Don Carlos à Vienne : distribution étoilée, rencontre entre fiction et réalité
La production de Peter Konwitschny s'inscrit dans la tendance moderne au dépouillement du plateau, la nudité scénique et les lumières signées Johannes Leiacker renforçant l'essence du drame mis à nu, mais donnant parfois l'impression d'assister à une répétition bien éclairée (le tout mis en valeur par des costumes majoritairement sombres). Cet épurement scénique est entrecoupé par une pantomime "Le rêve d'Eboli" installée dans un salon bourgeois des années 1960 sur l'interlude au début du troisième acte. Dans ce rêve, Eboli, enceinte, prépare un dîner pour son mari Carlos et ses invités : Élisabeth et Philippe. Le mari arrive et le couple se réunit dans une longue conversation (la dinde brûlant dans le four pendant ce temps). Carlos appelle au secours Rodrigue en livreur de pizza. La soirée redevient joyeuse et tout le monde s'enivre, jusqu'à ce que les lumières s'éteignent pour marquer la fin du rêve.

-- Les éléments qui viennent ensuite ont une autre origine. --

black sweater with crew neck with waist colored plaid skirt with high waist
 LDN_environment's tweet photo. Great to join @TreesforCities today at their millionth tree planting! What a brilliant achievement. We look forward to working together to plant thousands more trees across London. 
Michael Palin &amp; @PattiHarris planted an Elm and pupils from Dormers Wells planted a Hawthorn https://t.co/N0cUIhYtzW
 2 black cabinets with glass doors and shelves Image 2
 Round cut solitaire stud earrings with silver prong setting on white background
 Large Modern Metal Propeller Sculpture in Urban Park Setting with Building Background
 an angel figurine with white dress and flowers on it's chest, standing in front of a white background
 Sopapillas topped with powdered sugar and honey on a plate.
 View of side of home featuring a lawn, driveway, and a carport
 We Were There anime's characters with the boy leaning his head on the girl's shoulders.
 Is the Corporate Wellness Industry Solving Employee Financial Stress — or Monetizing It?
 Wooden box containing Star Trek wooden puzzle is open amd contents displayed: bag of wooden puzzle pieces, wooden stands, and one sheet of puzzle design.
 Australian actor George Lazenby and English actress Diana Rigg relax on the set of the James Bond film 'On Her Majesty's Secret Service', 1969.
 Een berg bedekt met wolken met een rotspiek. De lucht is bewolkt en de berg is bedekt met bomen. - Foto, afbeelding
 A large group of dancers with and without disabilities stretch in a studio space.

L'incarnation de Jonas Kaufmann, vedette de la soirée, en Don Carlos se retransmet avec plénitude audio-visuelle. La transparence caractéristique de son timbre s'imprègne de la chaleur et de la rondeur qui relève du bel canto. L'union prouve la flexibilité de sa capacité vocale, entre l'opéra italien et l'opéra allemand (le tout dans la version française de cet opus), sans faire oublier cependant ni l'un ni l'autre. Certes, certains moments semblent vouloir pousser trop avant le sérieux du chant et de son jeu d'acteur, mais la concordance entre la voix et la présence scénique est globalement solide et empathique.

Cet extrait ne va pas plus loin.